So first, regardless of all the things I will ask below, why are you
using OVS? You seem to want to use OVS to do a thing that linux will
just do by default, but make it more difficult and complicated.

> Routing table of dstr:
> 10.0.0.0/8 via 10.10.6.1 dev br-eth2 proto static
> 10.10.2.0/31 via 10.10.6.1 dev br-eth2 proto static
> 10.10.2.0/23 via 10.10.3.2 dev br-eth3 proto static
> 10.10.3.0/24 dev br-eth3 proto kernel scope link src 10.10.3.1
> 10.10.4.0/24 dev br-eth4 proto kernel scope link src 10.10.4.2

Linux isn't really built to make this work. As per your manifest your
interfaces are all assigned /24 subnets. Setting a /31 route on a
different interface will not work in most cases - linux ARP will need
to know which interface to answer on, and you have confused it. As a
result, the binding will be for the "first" interface used, and then
flip-flop, but never function on both at the same time.

> Let us suppose we are pinging from h1 to h2. I am able to verify that the
> ping packet makes it to dstr by running tcp dump on the incoming interface:

What do your arp tables look like on all the vms in question? (h1/h2,
and srcr/dstr) If you ask for the arp table while traffic is flowing,
does it change?

--
Nick

Jacob Chappell

unread,
Aug 12, 2015, 7:10:36 PM8/12/15
to geni-...@googlegroups.com
Hi Nick and Sarah,

I'll have to get back to you on the whole ARP thing, but I can go ahead and answer some of your questions now.

I omitted my reasoning for using OVS, because I didn't think it was relevant and didn't want to overcomplicate the matter.

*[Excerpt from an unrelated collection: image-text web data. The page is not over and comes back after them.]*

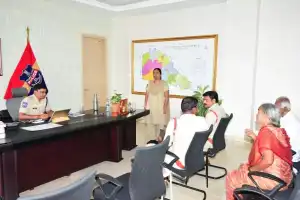 20 Complaints Filed at District Police Office on Complaint Day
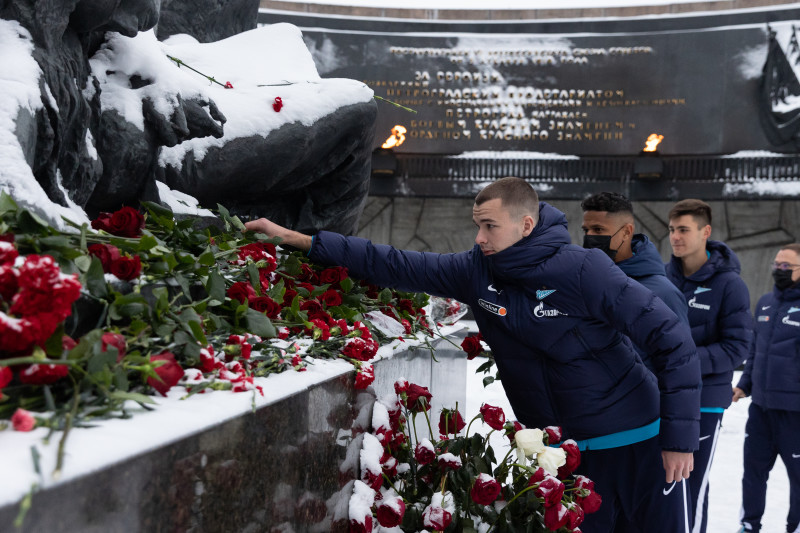 Возложение цветов к мемориалу Героическим защитникам Ленинграда основной команды и Зенит-2.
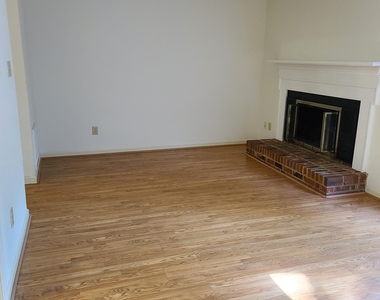 6416 Meadow View Drive - Photo Thumbnail 11
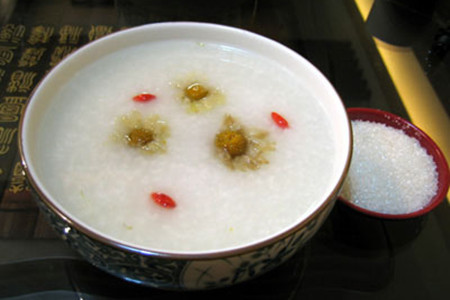 夏天喝什麼粥美白養顏效果好呢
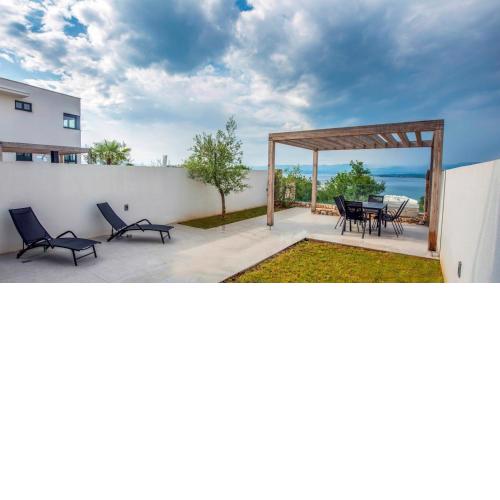 Deluxe sea view Rova Apartment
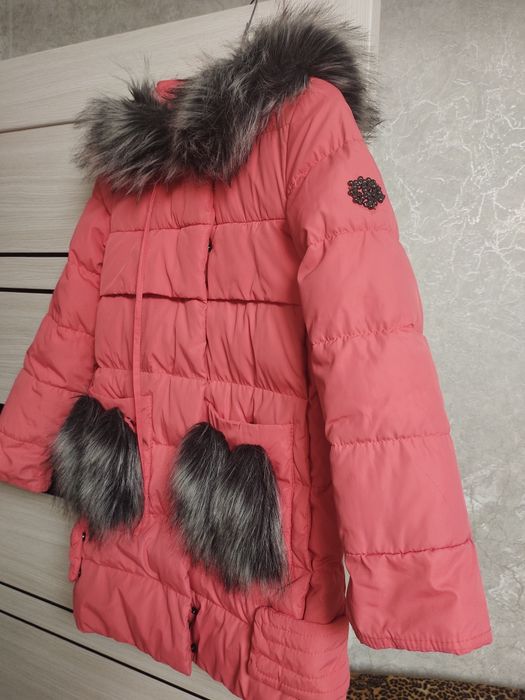 Куртка подовжена зимова на дівчинку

There is another rule in all the switches I didn't tell you about. It sends all UDP traffic to our OpenFlow controller for processing. The controller may install more specific rules that modify fields in the packet.

The reason the switches are setup the way they are is _precisely_ so that we can use Linux for routing and handling normal traffic. Before we can test the controller specific stuff though, we need to make sure normal traffic (ping, TCP traffic, etc.) can make it through as usual.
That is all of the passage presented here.